(Stored items)
---

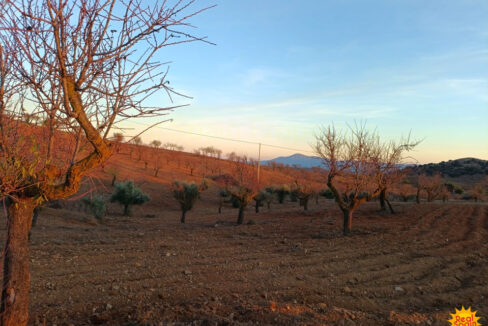 IMG-20251112-WA0012_InPixio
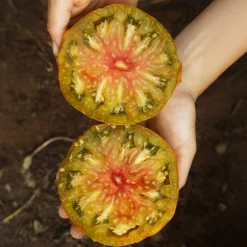 Tomatensaatgut Besonders Wohlschmeckende Sorten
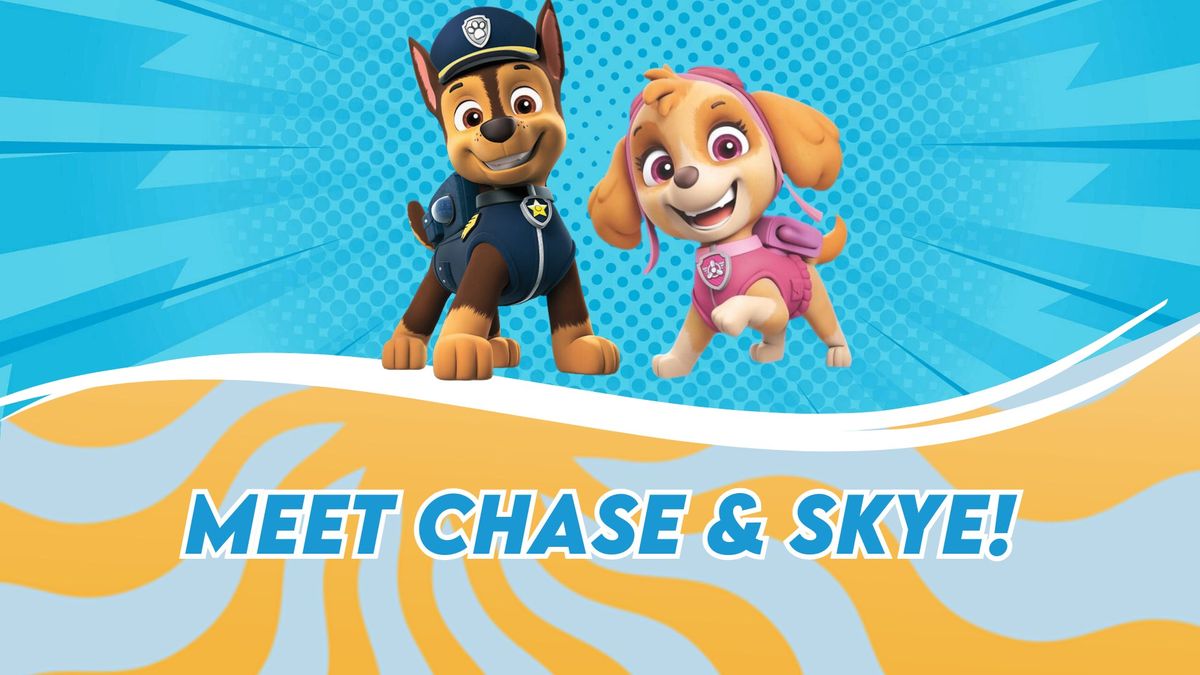 Meet Chase & Skye!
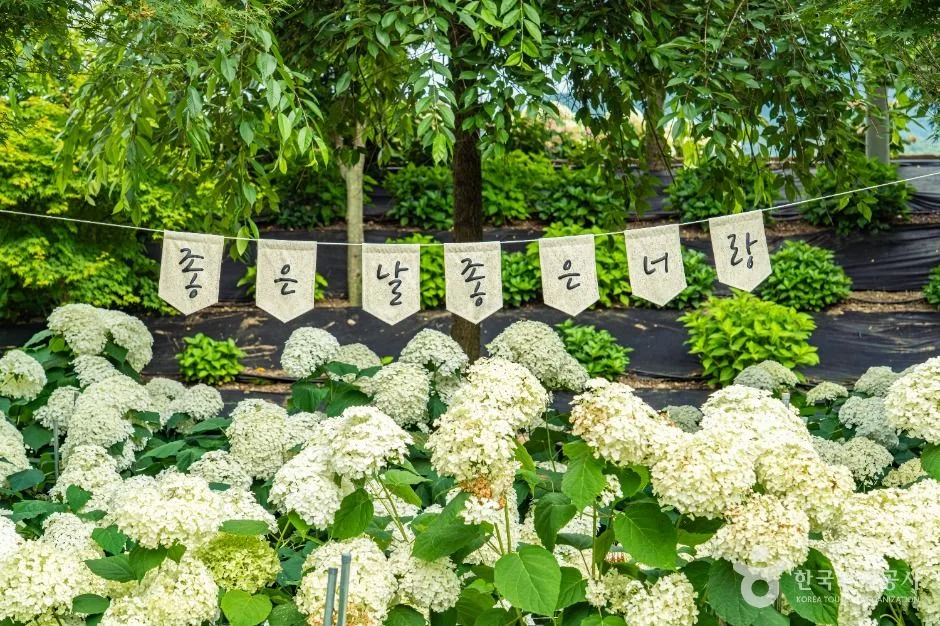 공주_유구색동수국정원 (12)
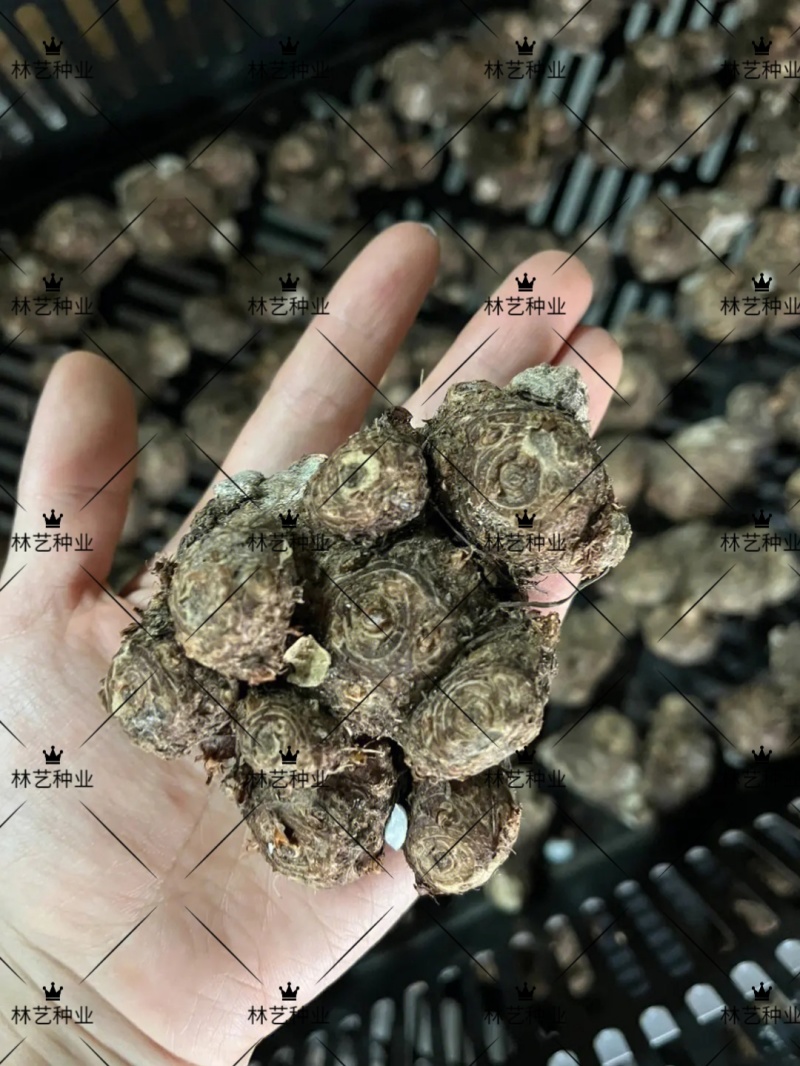 彩叶芋种球盆栽室内植物造景美观净化空气客厅绿植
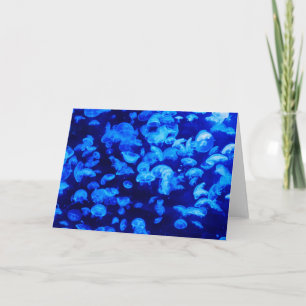 zwerm van kwallen kaart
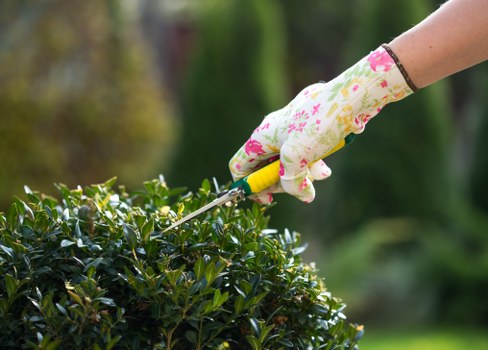 Transparent pricing for garden services in Upton Park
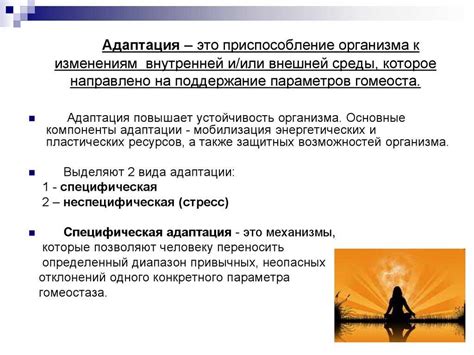 Заголовок: Процесс международной адаптации и распространения ценностей скаутства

---

= Work to complete =
Each line from the one containing "Meet Chase & Skye!" through the end of the records above is to be retyped exactly, with the pictures omitted and nothing added.

= Response for this exercise =
 Meet Chase & Skye!
 공주_유구색동수국정원 (12)
 彩叶芋种球盆栽室内植物造景美观净化空气客厅绿植
 zwerm van kwallen kaart
 Transparent pricing for garden services in Upton Park
 Заголовок: Процесс международной адаптации и распространения ценностей скаутства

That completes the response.